• **About this task**:
In the material below, pictures must be dropped. Repeat exactly, and only, the lines from the line with "IMRO memory card microSD 8GB" to the line with "Always Classic Night", both ends included.

[Input material Boundary: Start]

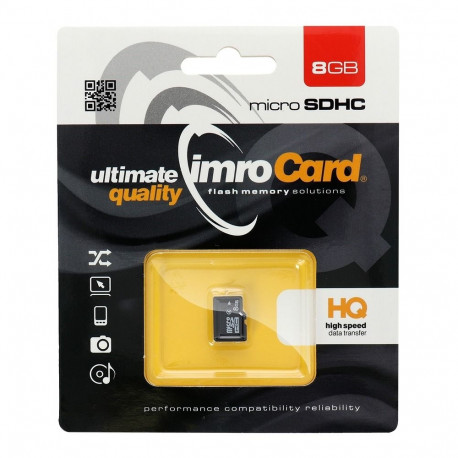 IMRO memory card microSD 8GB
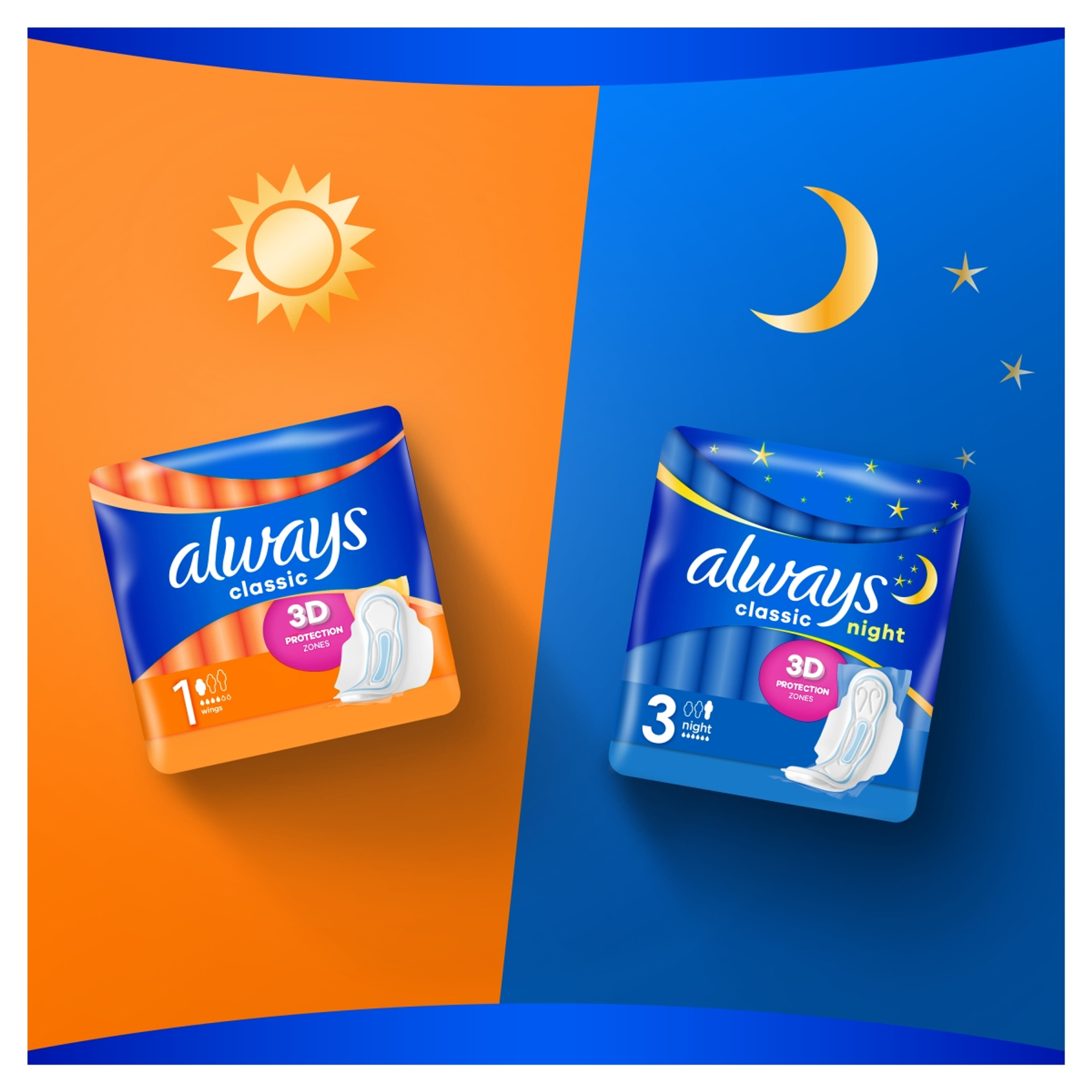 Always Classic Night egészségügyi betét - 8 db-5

[Input material Boundary: End]
[Input material Boundary: Start]

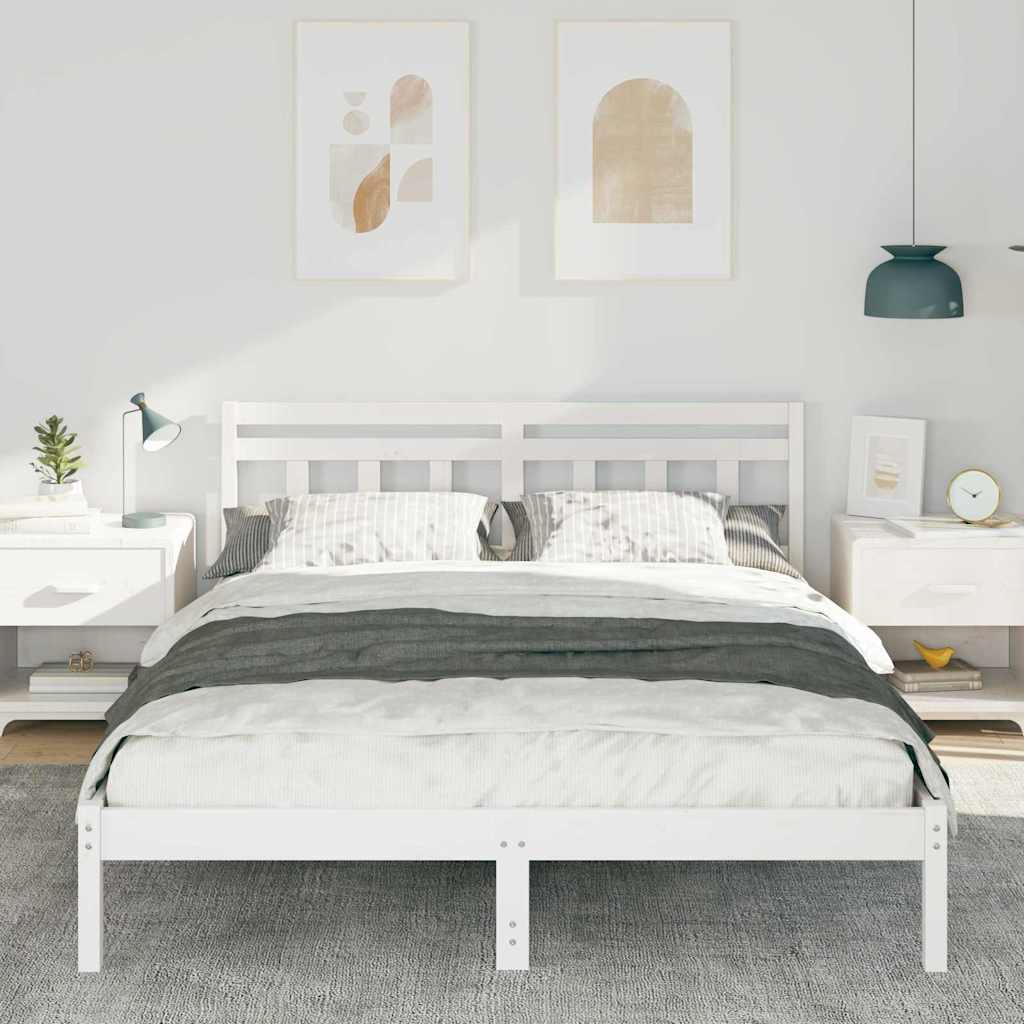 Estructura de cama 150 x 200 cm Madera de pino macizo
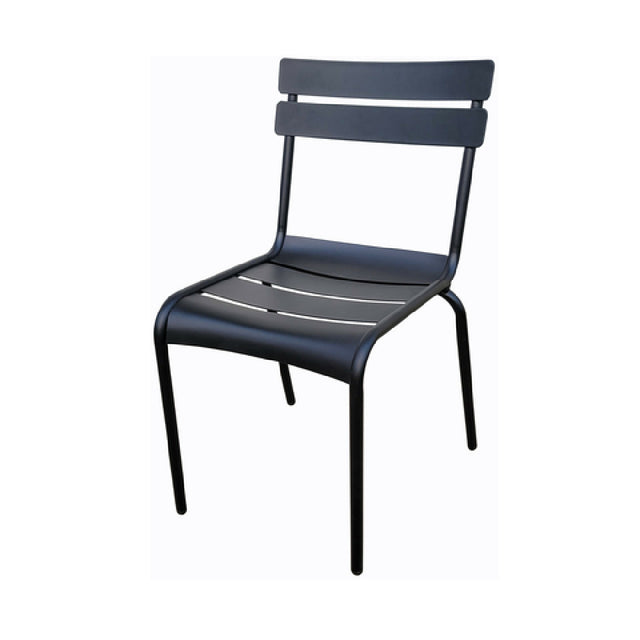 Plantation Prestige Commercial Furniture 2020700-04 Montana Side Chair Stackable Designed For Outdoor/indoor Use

[Input material Boundary: End]

• **Response box**:
 IMRO memory card microSD 8GB
 Always Classic Night egészségügyi betét - 8 db-5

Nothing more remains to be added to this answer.